BRIEF DESCRIPTION OF THE DRAWINGS
[0021] FIG. 1 is an overview of some of the platform configurations
for which the system of the subject invention is suited.
[0022] FIG. 2 is a system interface diagram.
[0023] FIG. 3 is a more detailed diagram of a system having the
components as shown in FIG. 2.
[0024] FIG. 4 is an alternative embodiment incorporating an
MIL-ST-1553 data bus.
[0025] FIG. 5 is an alternative embodiment incorporating a platform
computer associated with the system of the subject invention.
[0026] FIG. 6 is a block diagram of central processing unit of the
system.
[0027] FIG. 7 is a block diagram of the remote control unit of the
system.
[0028] FIG. 8 is an enlarged view of the remote control unit shown
in FIG. 2.
[0029] FIG. 9 is a menu flow chart for the system.
[0030] FIGS. 10a, 10b and 10c are an expanded menu readout display,
showing the alphanumeric display for each of the menu selections of
FIG. 9.
DETAILED DESCRIPTION OF THE PREFERRED EMBODIMENTS
[0031] A system overview is shown in FIG. 1. The system is adapted
for use in any type of platform permitting not only the recording,
capture, transmission and playback of video information, but also
the mating of data signals and audio signal with the video
information. The platform used as an example throughout this
disclosure is a fixed wing military aircraft 1, such as, by way of
example, the Navy F-14 Tomcat. The multi-function system of the
subject invention permits data to be used on board the aircraft, as
well as transmission and receipt of data between a remote station
such as a ship or ground based station 2. Images and data can be
downlinked directly to the base station and configuration and
control data and signals uplinked to the aircraft via radio
transmission. The system of the present invention also accommodates
air-to-air transmissions, as between the fixed wing aircraft 1 and
the rotary winged aircraft 3, or air-to-sea transmissions, as
between the fixed wing aircraft 1 and the marine vessel 4, or to
ground as with the fixed winged aircraft 1 and the military vehicle
5 or the civilian vehicle 6. Any of a variety of combinations is
possible. While the following description is directed primarily to
communication between fixed wing aircraft and a ship or ground
based system, it should be understood that the invention
encompasses any combination of base and object stations or
units.
[0032] As shown in FIG. 2, the system of the subject invention
comprises a central processor unit 10, a recorder/playback unit 12,
a base or interface unit 14 and a multifunction, single remote
control unit 16. In the preferred embodiment, the central
processing unit 10 is a Phototelesis A72-403WB and the remote
control unit 16 is a Phototelesis RCU-403WB. The recorder/playback
unit 12 is a TEAC HI 8 V80 VTR system. The access door 18 provides
access to the HI 8 V80 tape cassette which is capable of up to two
full hours of real time recording.
[0033] The remote control unit 16 is connected to the central
processor 10 at connector J10 via cable 20. Wireless remotes may
also be incorporated in the system without departing from the scope
and spirit of the invention.
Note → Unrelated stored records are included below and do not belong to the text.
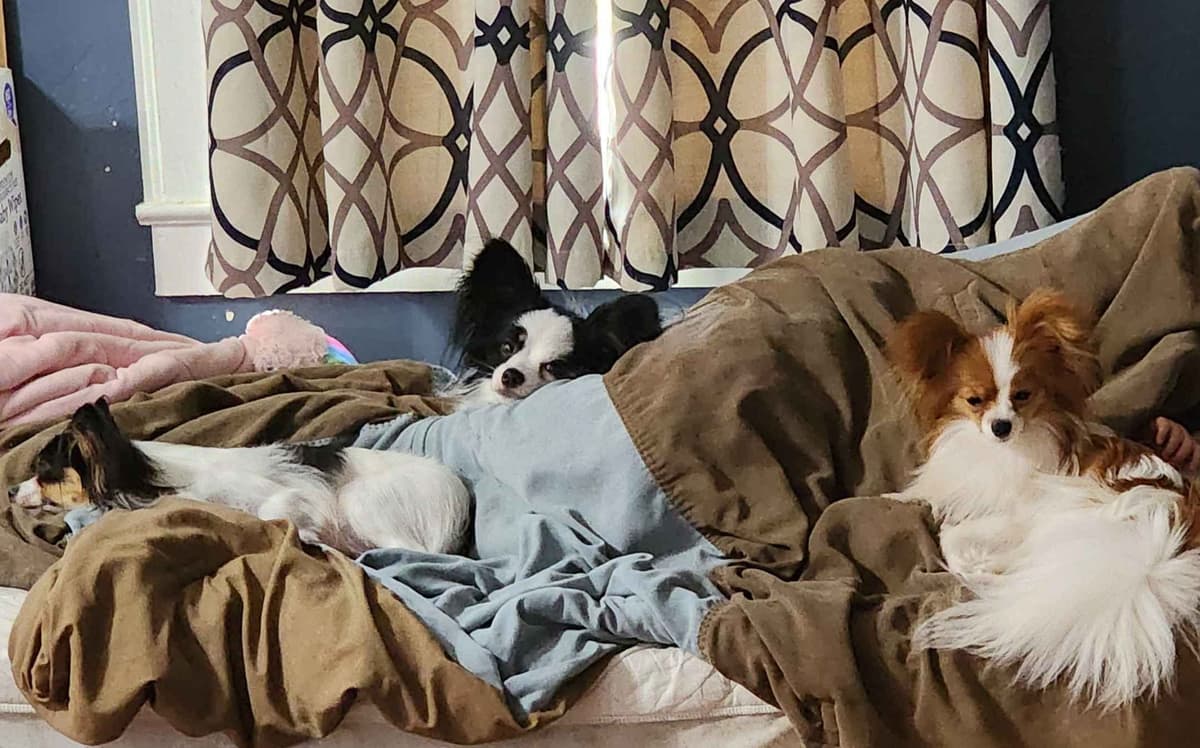 Papillon Puppies breeder image 18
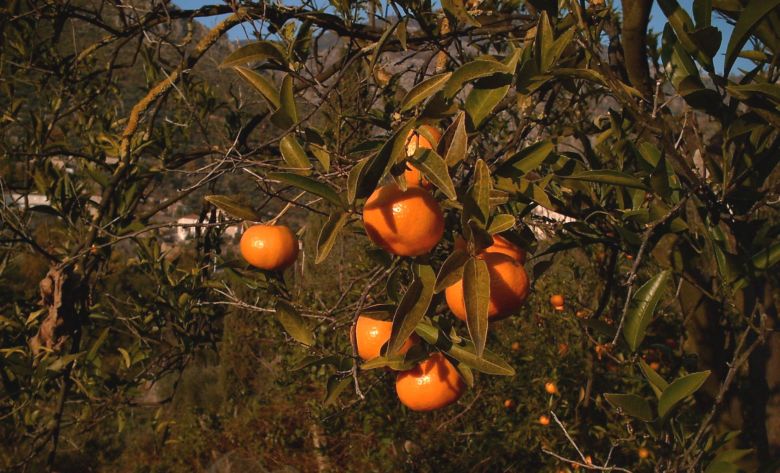 Früchte für Orangenmarmelade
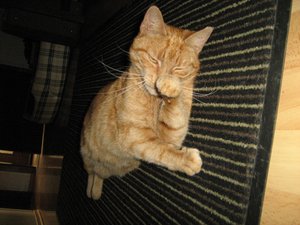 Minki, Bonny und Berry 144.jpg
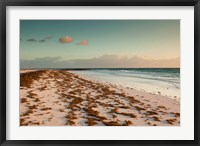 Framed Bahamas, Eleuthera, Harbor Island, Pink Sand Beach with seaweed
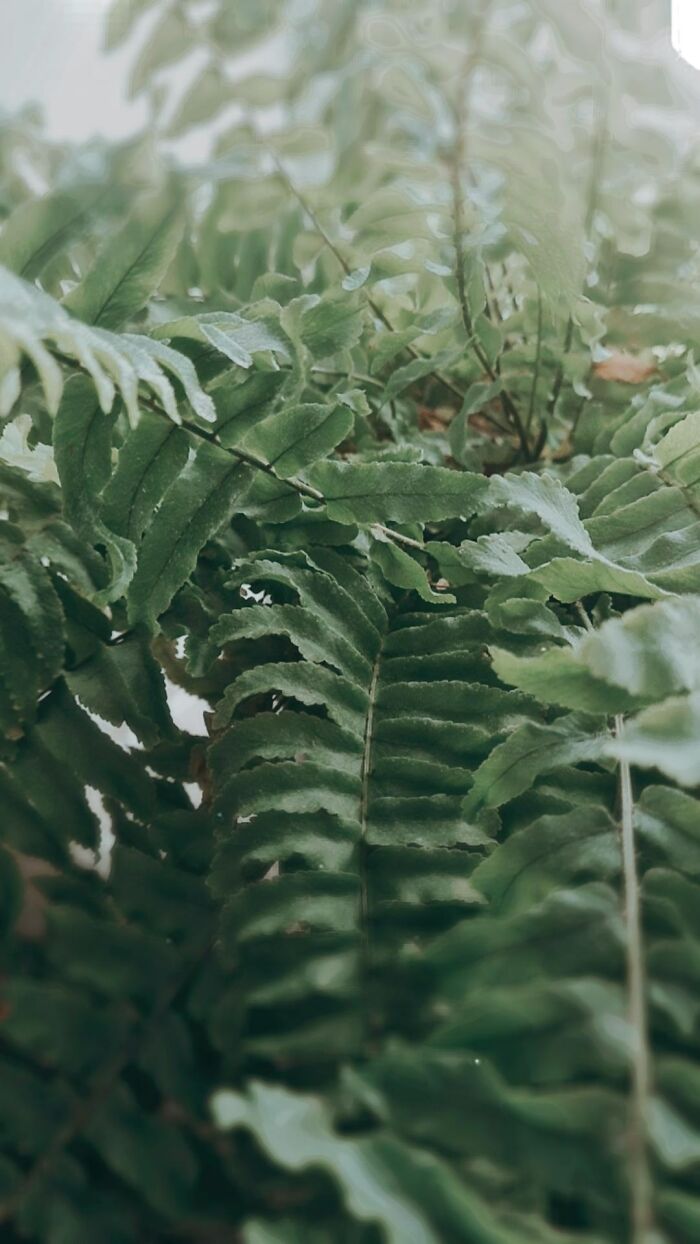 Ferny Fern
A 28VDC power signal is provided via a
cable connection at the J2 connector in the interface unit 14. The
monitor system 21 comprises the 22 Lanterin Control Panel
(optional), the PTID display 24 and the VDI display 26. These are
connected to the system via cable system 28 at connector J4 in the
interface unit. An ICS/DATA signal is connected via connector J3.
The TCS video module 29, the video source, is connected via
connector J5. The 28VDC power signal is transmitted from the
interface unit 14 to the central processor 10 via a cable system 30
between connectors J7 and J13. Communication and control signals
are transmitted between the central processor and the interface
unit via cables connected to connector J3 in the interface unit and
connector J11 and J12 in the processor unit. The main power switch
is SW1 in the interface unit. The recorder/playback unit 12 is
connected to the central processor via a cable system 30 between
connectors J1 and J2 on the recorder playback unit, J15 on the
Interface unit and connector J9 on the processing unit 10. A signal
light LED 1 is provided on the central processor to indicate that
the processor is powered and operational.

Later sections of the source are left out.